Find "blue eyed blonde" and "Jack Links Beef" in the records below. Copy the lines holding them and every line between, exactly, and no others.
PROVIDED MATERIAL Start Marker
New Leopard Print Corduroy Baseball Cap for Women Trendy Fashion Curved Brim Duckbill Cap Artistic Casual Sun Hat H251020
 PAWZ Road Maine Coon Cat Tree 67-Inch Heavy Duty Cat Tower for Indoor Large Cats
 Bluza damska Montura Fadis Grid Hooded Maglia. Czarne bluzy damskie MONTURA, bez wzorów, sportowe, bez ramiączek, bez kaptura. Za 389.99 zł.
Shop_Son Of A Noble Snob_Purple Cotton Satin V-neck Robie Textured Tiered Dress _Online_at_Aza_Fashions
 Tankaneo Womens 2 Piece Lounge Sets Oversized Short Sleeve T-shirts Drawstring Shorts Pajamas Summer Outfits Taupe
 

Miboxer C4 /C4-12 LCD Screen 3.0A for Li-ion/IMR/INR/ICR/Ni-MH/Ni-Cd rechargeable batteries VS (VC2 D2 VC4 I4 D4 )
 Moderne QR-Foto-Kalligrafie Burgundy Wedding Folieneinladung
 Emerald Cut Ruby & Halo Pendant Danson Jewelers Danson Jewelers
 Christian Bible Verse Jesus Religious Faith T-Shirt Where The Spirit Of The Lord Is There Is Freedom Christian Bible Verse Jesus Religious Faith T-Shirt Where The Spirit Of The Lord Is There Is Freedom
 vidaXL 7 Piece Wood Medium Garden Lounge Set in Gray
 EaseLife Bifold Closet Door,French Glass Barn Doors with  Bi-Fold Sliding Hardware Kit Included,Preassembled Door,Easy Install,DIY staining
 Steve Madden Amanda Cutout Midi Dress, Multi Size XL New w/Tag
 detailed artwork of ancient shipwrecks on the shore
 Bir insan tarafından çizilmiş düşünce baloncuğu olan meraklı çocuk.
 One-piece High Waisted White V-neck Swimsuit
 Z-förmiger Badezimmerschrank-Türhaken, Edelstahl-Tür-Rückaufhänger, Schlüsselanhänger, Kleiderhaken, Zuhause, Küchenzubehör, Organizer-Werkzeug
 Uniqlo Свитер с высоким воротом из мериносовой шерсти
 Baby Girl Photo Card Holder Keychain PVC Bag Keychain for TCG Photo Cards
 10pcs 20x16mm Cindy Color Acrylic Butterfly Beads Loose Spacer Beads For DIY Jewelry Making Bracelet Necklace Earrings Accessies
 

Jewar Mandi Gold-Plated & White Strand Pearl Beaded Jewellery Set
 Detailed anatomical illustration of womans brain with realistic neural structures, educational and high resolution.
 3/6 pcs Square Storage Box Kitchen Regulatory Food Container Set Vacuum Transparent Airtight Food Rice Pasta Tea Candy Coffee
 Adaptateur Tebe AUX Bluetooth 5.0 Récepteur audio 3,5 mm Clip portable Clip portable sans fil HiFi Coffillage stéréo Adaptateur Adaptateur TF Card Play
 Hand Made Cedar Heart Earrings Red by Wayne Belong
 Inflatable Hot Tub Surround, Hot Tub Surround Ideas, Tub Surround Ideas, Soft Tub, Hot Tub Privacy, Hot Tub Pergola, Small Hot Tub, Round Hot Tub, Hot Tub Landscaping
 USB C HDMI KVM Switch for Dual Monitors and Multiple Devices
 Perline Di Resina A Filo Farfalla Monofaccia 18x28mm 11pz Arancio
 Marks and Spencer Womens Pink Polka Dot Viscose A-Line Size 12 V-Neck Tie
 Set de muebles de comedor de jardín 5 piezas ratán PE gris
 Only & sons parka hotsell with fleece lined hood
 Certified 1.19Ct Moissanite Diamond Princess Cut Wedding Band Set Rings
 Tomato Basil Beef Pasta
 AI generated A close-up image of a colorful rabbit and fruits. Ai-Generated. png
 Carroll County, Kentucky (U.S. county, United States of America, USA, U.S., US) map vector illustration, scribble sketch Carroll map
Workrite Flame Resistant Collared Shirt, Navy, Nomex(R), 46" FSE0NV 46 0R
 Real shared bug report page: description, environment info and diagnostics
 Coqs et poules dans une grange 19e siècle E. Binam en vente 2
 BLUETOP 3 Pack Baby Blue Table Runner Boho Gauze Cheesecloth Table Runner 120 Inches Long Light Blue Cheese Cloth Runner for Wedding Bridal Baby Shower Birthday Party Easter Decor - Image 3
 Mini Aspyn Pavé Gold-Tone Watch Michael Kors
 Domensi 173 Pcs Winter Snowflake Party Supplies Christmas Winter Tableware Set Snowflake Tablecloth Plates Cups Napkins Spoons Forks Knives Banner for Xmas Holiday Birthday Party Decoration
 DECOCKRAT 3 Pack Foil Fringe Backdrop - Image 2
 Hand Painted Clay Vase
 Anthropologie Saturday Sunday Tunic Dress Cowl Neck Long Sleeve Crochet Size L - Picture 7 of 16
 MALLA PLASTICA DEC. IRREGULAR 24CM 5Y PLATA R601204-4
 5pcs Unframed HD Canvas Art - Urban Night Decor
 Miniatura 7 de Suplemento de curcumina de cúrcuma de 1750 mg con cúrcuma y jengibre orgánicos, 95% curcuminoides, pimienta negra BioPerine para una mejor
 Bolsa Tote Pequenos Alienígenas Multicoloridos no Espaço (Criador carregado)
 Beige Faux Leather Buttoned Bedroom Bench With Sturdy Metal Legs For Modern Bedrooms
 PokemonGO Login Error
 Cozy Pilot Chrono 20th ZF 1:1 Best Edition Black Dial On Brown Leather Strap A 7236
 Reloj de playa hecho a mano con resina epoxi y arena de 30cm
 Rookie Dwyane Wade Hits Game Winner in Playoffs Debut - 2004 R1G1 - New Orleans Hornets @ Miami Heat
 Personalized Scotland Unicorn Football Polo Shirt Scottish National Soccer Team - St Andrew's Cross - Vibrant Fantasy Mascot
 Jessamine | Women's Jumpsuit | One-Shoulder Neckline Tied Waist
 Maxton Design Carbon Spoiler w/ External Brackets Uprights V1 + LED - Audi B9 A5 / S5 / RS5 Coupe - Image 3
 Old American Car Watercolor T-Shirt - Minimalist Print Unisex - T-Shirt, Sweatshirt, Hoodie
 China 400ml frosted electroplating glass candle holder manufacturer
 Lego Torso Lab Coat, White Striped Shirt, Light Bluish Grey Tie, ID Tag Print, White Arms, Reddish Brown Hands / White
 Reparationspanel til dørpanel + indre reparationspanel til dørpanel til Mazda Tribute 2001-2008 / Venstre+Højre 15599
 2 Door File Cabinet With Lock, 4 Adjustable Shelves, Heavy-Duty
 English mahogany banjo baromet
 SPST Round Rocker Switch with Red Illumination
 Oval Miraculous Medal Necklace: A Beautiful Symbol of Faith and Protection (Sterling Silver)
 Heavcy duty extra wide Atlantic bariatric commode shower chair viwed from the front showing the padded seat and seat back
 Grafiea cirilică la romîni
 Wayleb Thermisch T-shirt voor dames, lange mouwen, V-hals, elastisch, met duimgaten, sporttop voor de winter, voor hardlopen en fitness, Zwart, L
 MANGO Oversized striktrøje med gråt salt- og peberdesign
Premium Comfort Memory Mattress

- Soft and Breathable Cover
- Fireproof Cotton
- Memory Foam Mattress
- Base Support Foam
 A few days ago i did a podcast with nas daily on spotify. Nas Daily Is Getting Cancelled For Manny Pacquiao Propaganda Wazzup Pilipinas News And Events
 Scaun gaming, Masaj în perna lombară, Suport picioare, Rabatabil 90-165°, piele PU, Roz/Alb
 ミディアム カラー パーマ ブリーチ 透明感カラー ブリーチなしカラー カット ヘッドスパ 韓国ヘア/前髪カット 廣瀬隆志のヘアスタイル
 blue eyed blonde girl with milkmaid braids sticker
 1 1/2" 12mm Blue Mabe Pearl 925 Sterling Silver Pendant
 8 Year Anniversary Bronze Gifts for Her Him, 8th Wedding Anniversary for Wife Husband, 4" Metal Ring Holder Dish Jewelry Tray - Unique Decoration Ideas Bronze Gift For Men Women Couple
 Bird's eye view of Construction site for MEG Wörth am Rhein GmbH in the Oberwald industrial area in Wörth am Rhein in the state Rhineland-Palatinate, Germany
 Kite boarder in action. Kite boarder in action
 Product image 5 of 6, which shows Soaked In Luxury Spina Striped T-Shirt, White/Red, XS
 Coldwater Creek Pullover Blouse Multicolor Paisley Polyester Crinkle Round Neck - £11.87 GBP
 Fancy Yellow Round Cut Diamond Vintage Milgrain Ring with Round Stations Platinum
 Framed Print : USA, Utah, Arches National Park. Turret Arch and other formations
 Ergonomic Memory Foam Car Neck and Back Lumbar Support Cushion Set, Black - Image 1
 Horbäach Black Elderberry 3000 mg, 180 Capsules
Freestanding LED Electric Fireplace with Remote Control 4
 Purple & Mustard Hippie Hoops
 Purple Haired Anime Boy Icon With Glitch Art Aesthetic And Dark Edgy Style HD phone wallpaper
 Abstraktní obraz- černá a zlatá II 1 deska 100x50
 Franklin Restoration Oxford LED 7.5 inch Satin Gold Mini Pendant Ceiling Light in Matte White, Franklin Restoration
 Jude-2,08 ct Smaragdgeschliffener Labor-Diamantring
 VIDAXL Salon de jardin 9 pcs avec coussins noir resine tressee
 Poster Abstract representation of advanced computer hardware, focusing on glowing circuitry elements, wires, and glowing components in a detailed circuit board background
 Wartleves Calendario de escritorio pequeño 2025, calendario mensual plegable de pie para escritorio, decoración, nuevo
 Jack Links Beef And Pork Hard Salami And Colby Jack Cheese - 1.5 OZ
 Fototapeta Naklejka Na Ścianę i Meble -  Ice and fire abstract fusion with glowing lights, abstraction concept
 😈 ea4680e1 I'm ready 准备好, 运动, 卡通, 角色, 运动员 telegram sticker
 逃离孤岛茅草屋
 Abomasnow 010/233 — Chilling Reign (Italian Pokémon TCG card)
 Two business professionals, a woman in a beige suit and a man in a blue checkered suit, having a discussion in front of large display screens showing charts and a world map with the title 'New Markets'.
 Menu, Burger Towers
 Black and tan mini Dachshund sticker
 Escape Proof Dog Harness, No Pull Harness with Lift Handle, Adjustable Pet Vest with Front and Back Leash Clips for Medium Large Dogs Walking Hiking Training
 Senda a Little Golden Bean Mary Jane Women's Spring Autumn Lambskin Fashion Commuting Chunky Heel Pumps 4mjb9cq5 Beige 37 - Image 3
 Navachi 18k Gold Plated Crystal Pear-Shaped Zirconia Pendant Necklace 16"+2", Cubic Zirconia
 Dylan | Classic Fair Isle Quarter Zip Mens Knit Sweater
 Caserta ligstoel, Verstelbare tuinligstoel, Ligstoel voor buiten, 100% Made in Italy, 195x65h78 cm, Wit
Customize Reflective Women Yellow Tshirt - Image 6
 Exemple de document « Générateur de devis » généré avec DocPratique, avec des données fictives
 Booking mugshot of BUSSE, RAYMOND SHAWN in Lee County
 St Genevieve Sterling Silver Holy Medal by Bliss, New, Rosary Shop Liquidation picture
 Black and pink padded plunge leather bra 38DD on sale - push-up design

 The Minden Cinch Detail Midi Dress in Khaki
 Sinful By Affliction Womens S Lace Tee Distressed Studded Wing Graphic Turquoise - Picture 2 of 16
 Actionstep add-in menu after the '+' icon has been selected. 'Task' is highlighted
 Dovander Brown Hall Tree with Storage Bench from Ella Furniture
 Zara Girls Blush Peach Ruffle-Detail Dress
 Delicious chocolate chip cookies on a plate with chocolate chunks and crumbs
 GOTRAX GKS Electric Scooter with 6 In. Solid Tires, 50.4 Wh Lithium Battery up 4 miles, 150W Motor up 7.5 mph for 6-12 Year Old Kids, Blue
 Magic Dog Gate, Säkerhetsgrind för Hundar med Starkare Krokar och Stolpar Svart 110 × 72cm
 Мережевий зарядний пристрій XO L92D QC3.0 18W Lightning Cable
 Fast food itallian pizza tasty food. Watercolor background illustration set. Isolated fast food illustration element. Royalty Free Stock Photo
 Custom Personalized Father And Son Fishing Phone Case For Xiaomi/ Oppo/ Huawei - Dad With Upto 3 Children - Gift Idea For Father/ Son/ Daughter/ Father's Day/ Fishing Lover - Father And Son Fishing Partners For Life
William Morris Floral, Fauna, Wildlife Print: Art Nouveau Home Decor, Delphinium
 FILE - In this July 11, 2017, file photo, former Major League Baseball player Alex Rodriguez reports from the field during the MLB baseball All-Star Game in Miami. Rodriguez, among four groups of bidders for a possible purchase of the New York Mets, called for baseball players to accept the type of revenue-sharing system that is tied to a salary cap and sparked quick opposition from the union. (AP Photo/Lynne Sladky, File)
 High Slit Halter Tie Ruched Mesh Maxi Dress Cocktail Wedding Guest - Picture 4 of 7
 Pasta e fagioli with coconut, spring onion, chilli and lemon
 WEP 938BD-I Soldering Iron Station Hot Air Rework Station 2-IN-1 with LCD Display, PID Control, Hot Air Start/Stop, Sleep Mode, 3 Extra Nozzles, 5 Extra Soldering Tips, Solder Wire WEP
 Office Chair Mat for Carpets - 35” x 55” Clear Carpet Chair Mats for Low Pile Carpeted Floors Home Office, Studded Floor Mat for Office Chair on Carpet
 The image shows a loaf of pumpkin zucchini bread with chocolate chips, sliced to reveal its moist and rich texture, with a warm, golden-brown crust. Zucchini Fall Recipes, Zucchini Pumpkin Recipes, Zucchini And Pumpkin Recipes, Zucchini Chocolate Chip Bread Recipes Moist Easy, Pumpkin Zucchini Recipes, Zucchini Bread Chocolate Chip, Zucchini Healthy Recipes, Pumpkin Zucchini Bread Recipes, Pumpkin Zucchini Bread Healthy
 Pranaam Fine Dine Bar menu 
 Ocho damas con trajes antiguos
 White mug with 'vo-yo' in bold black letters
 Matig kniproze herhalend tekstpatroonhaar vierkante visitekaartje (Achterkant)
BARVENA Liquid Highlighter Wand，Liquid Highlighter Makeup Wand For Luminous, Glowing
PROVIDED MATERIAL End Marker
ANSWER AREA:
 blue eyed blonde girl with milkmaid braids sticker
 1 1/2" 12mm Blue Mabe Pearl 925 Sterling Silver Pendant
 8 Year Anniversary Bronze Gifts for Her Him, 8th Wedding Anniversary for Wife Husband, 4" Metal Ring Holder Dish Jewelry Tray - Unique Decoration Ideas Bronze Gift For Men Women Couple
 Bird's eye view of Construction site for MEG Wörth am Rhein GmbH in the Oberwald industrial area in Wörth am Rhein in the state Rhineland-Palatinate, Germany
 Kite boarder in action. Kite boarder in action
 Product image 5 of 6, which shows Soaked In Luxury Spina Striped T-Shirt, White/Red, XS
 Coldwater Creek Pullover Blouse Multicolor Paisley Polyester Crinkle Round Neck - £11.87 GBP
 Fancy Yellow Round Cut Diamond Vintage Milgrain Ring with Round Stations Platinum
 Framed Print : USA, Utah, Arches National Park. Turret Arch and other formations
 Ergonomic Memory Foam Car Neck and Back Lumbar Support Cushion Set, Black - Image 1
 Horbäach Black Elderberry 3000 mg, 180 Capsules
Freestanding LED Electric Fireplace with Remote Control 4
 Purple & Mustard Hippie Hoops
 Purple Haired Anime Boy Icon With Glitch Art Aesthetic And Dark Edgy Style HD phone wallpaper
 Abstraktní obraz- černá a zlatá II 1 deska 100x50
 Franklin Restoration Oxford LED 7.5 inch Satin Gold Mini Pendant Ceiling Light in Matte White, Franklin Restoration
 Jude-2,08 ct Smaragdgeschliffener Labor-Diamantring
 VIDAXL Salon de jardin 9 pcs avec coussins noir resine tressee
 Poster Abstract representation of advanced computer hardware, focusing on glowing circuitry elements, wires, and glowing components in a detailed circuit board background
 Wartleves Calendario de escritorio pequeño 2025, calendario mensual plegable de pie para escritorio, decoración, nuevo
 Jack Links Beef And Pork Hard Salami And Colby Jack Cheese - 1.5 OZ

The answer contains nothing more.